The only thing I would add is
d) Refactor when you learn/discover a better way of doing something that you’ve already done.
The above is IMHO always the right approach to new frameworks. You can’t expect to read books and docs until you know EVERYTHING and only then start coding. The human mind doesn’t work like that, and even if it did that would probably be sub-optimal.
Well I’m by no means a pro, but I learn as the process goes on, learning and implementing new features as they’re needed, however I have the luxuries of time and being a student.
As far as I can tell, you’re doing a pretty good job of keeping up with all the changes.
The only tip I can give as a beginner is to break it down into consumable bits, and learn the features you need side by side with the basics of the toolkit/platform so that you can code the trivial code faster and be satisfied with your overall code.

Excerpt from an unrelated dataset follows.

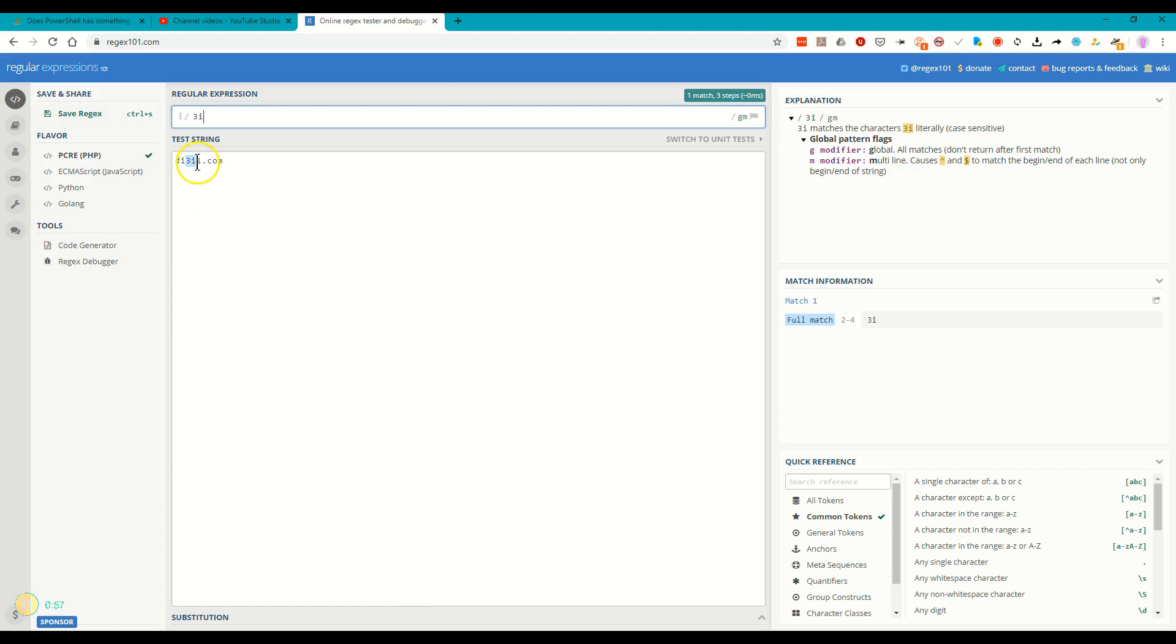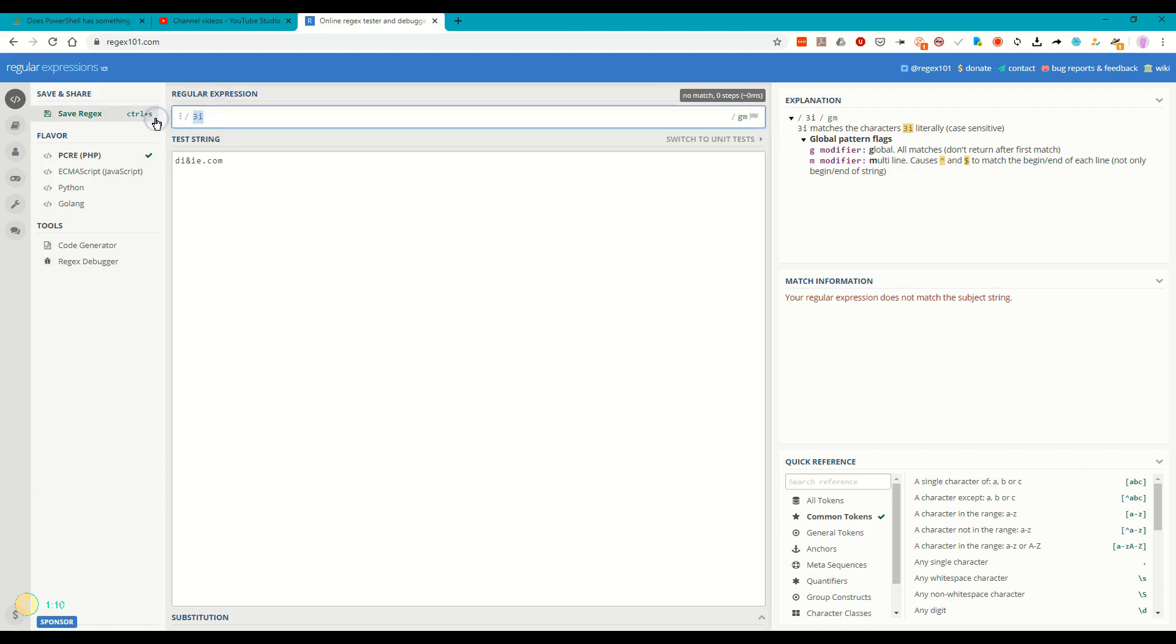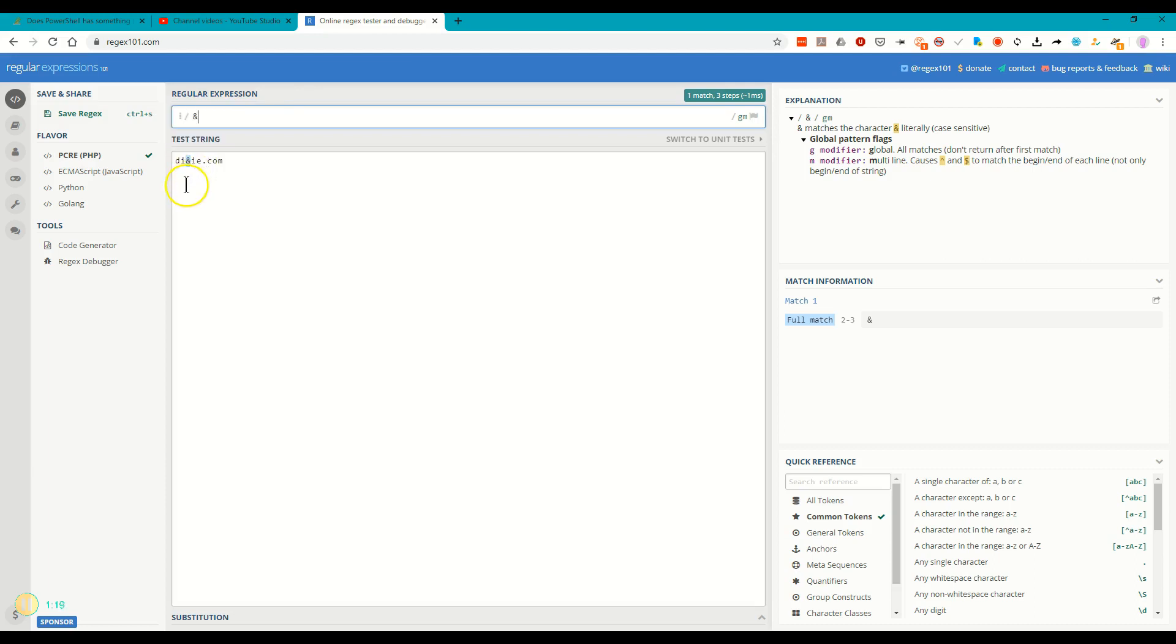So rather than a 3 here, and I'll put my e back over there, I will put the ampersand sign. And let's test and see if that works. If I put an ampersand up here, sure enough, these special characters also have a literal meaning. And so in this case, we have a literal ampersand there, and so we have a match.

I was going to suggest that you make a throwaway project to familiarize yourself with the tool
but you’ve already got that covered. There will always be more the to tool than books, tutorials, and sample projects can show
you. All the nuances come out only with experience. But if you don’t feel you have a sufficient grasp on a tool, I’d simply
spend more time on those three steps.
You plan seems solid to me.
I work as a consulant
Oh. Well, in that case, FAKE IT. Deliver whatever you can slap together in a roughshod manner that appears to work, bill
the customer for meeting your contractual obligation, and leave. If it’s not the prettiest, that’s someone else’s problem. Or it’s seeding for future employment. Thus is the life of a contractor. If you have specific domain knowledge about whatever, be sure
to fork that over in a handy document or tool or example code, as that’s what they’re really paying you for. But if they just need a code-monkey for a weekend, and
they don’t let you use the tools you know, then this is the sort of results they should expect. Sorry, but that’s how piece-meal work
turns out. If you put in that extra effort, another consultant will undercut you. If your client was hiring for quality,
they’d have actually HIRED someone.
Don’t get me wrong, consultants can be a god-send when you need a superman of SQL or a gnu guru to banish the bugs that plague you.
But hiring a consultant who has to learn the tools? naw.